- _INPUT MATERIAL_:
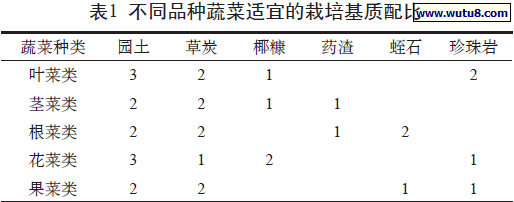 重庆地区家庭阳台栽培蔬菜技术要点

---

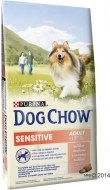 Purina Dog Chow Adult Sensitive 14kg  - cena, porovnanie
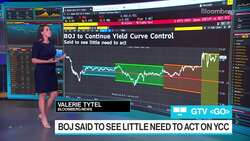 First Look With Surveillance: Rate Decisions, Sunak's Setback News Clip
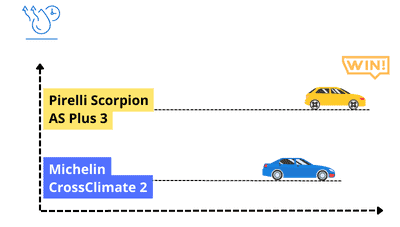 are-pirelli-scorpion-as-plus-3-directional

...

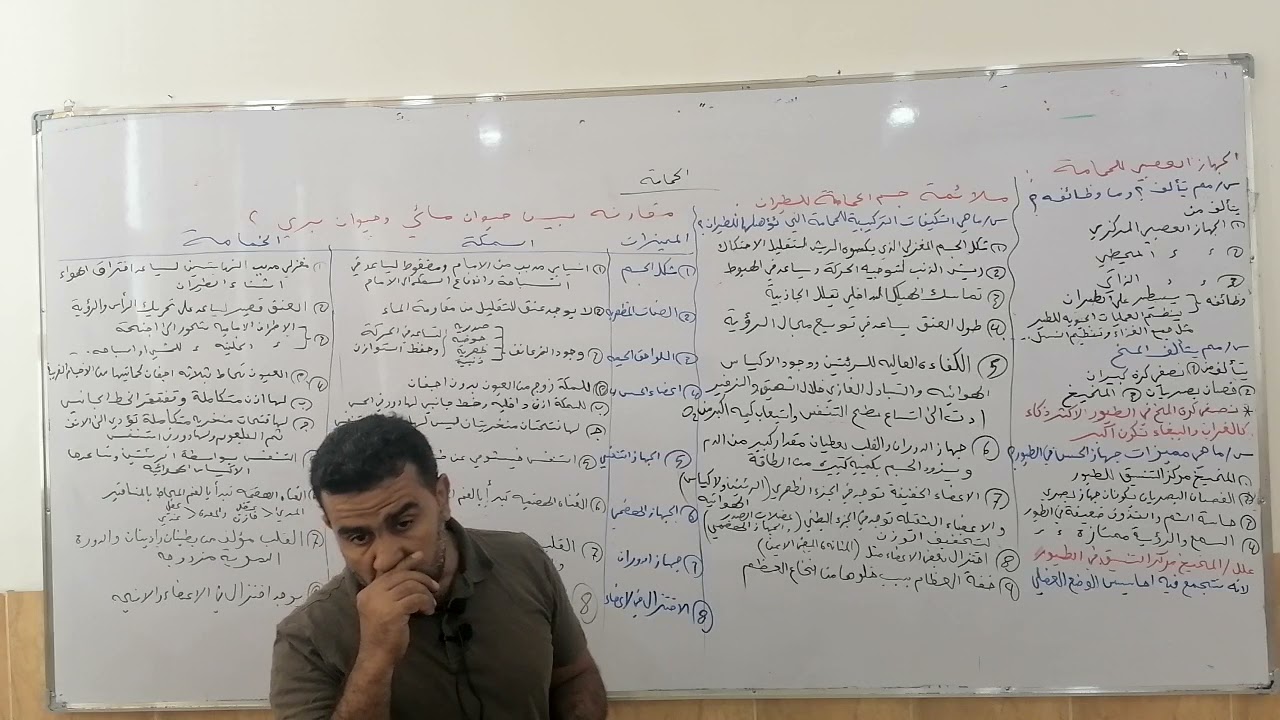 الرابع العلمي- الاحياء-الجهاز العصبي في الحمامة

- _ABOUT THIS EXERCISE_: Between and including the line above that contains "Purina Dog Chow" and the line that contains "are-pirelli-scorpion-as-plus-3-directional", restate every line word for word. Pictures stay out.

- _EXERCISE OUTPUT_:
 Purina Dog Chow Adult Sensitive 14kg  - cena, porovnanie
 First Look With Surveillance: Rate Decisions, Sunak's Setback News Clip
 are-pirelli-scorpion-as-plus-3-directional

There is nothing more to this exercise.